Shabbat Shuvah: Turning to God
Some years ago one of America's leading rabbis, a past president of the Conservative Rabbinical Assembly, was asked by a student to talk about Jewish spirituality, Jewish ways of relating to God. "The Jews have a very good relationship with God," the rabbi answered. "We don't bother God too much and God doesn't bother us."
The rabbi was using humor to defuse what was, for him, a very ticklish topic. And so it remains for many of us. All I learned about God, growing up, was a formula I learned by rote: "Baruch ata Adonai ...Blessed art Thou O Lord our God King of the universe." I learned a fair amount about social action and Jewish holidays and Jewish oppression. But I never learned what it means to pray, to be in the presence of God. Nor did I give it much thought on my own.
By the time I was a teenager I'd decided that it was useless to debate God's existence, because it was impossible to prove or disprove. By the time I'd entered rabbinic school I'd advanced one step further. I'd made a commitment to an "as if" philosophy. I would live and act in the world "as if" God existed. I would never know the truth, I reasoned, but at least I could adopt an assumption that gave my life purpose and meaning.
I daresay I would have remained in my comfortable agnosticism - if I hadn't become a congregational rabbi.
Because out there in the real world, I discovered, "as if" didn't work too well. Out there in the real world were lonely teenagers, parents of sick children, men and women facing the loss of someone they loved - there were people in pain, there were thoughtful seekers searching for something real, and good, and enduring to believe in. I needed something better than "as if" to offer them; I needed something better for myself. So I've continued to struggle for answers - and every now and then I find something that sustains me along the way.

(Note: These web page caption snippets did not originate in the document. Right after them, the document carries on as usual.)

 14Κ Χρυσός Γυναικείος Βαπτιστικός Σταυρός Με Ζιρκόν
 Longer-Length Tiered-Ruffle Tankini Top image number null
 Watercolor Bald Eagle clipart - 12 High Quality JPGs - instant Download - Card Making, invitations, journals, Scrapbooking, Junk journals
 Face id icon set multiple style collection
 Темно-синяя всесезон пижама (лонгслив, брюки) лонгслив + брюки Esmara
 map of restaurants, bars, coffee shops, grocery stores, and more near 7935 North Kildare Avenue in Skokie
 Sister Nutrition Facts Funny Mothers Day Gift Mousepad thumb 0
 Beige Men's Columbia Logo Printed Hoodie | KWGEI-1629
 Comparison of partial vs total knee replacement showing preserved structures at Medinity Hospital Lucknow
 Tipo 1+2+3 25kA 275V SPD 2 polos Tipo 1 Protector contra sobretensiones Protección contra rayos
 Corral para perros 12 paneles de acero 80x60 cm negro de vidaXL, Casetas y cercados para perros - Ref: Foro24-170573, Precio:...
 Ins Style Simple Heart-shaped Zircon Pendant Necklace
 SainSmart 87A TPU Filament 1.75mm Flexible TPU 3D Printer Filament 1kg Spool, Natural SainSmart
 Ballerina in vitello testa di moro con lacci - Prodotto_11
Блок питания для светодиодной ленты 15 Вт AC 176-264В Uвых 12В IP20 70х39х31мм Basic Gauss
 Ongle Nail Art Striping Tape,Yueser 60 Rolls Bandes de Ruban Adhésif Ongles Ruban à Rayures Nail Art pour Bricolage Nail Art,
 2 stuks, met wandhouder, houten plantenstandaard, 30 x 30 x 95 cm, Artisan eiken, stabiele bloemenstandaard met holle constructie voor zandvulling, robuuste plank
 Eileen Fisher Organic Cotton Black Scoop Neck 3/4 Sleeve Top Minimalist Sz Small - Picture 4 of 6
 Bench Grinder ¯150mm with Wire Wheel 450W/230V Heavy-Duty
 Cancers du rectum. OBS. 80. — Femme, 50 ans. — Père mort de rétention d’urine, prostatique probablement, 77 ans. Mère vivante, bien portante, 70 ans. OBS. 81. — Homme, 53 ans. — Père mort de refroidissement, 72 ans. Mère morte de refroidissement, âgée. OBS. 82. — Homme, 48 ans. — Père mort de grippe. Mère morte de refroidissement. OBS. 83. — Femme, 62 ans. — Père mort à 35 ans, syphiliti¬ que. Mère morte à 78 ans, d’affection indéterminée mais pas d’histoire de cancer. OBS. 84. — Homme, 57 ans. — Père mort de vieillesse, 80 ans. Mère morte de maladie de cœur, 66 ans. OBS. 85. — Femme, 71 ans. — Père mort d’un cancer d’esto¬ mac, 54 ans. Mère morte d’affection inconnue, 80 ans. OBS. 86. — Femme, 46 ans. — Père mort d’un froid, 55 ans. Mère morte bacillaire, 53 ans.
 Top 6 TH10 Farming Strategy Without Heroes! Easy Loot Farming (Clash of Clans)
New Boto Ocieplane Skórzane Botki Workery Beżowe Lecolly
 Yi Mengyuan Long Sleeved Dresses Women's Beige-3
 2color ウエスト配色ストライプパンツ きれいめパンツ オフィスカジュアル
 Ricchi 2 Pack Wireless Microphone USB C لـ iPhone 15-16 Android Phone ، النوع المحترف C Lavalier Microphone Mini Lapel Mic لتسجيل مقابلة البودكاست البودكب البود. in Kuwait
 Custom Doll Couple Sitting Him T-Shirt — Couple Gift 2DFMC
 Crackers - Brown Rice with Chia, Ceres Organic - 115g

Tonight, on Shabbat Shuvah, this night whose theme is turning to God, I want to share the words, and the life, of an extraordinary person. All the world knows the name of a 13 year old Jewish girl living in a secret annex in Amsterdam who began to keep a diary in 1942. A few houses away from her, another young Jewish woman was also keeping a diary. Not many know the name of Esther Hillesum - Etty for short-or know the remarkable gift she left behind for all of us in her diary (published under the title "An Interrupted Life").
Etty Hillesum was a profound religious personality, a true spiritual teacher. Yet she was not a sheltered, pious woman steeped in the tradition. In 1941, when she began her diary, she was 27 years old, a graduate student in literature - extremely bright, worldly and thoroughly emancipated. She was politically aware and sexually experienced. Throughout the time she keeps her diary she is living with one man, deeply in love with another.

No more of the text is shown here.